In the exhibition “Into the Cool” at Pace Gallery in New York are on presentation 15 of the 18 paintings of Kenneth Noland’s series “Into the Cool”, these works on exhibition for the first time. In 2006, Kenneth Noland started what would turn out to be his final series. The 18 works, created when the artist was in his mid-80s, the works carry additional weight because the artist was losing his eyesight at the time and have never been shown publicly before. Continuing to use his technique, established in the ‘50s, of staining raw canvas with acrylic paint, here Noland has expanded upon it by not only painting the front surface of the canvas, but also working from behind. As with Noland’s earlier work, he continued to apply color as a physical material substance, but unlike his earlier hard edged paintings which rely on fields of dense color, for “Into the Cool” he used color through subtle tone and transparency. Noland achieved this varied application of paint and emphasis on certain colors by using a gel medium, which sits on the surface of the paintings and gives the color a tangible, physical quality.  No full understanding of Abstract painting from the ‘50s to the ‘70s is possible without acknowledging Noland’s central and formative position. “I wanted to have colour be the origin of the painting, I was trying to neutralise the layout, the shape, the composition. I wanted to make colour the generating force”. Kenneth Noland studied art at Black Mountain College close to his home town. While at Black Mountain Noland came under the particular influence of Ilya Bolotowsky, who introduced him to the work of the European Constructivists, to Mondrian and the Bauhaus, and also of Albers, with his theories of colour. In1952 he met Morris Louis, a painter with whom he was to work closely until Louis’s early death ten years later.
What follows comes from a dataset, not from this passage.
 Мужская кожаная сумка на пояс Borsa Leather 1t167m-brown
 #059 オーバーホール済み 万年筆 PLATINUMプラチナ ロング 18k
It was to be after a visit with Louis to the studio of Frankenthaler, a fellow painter and close contemporary of theirs, that together they adopted and developed her practice of soaking the unprimed cotton-duck canvas directly with the liquid pigment. While Louis would remain committed to the technique, employing it on an ever more ambitious scale, Noland would soon return to the painted image, albeit remaining ever committed to its impersonal statement and anonymity of surface.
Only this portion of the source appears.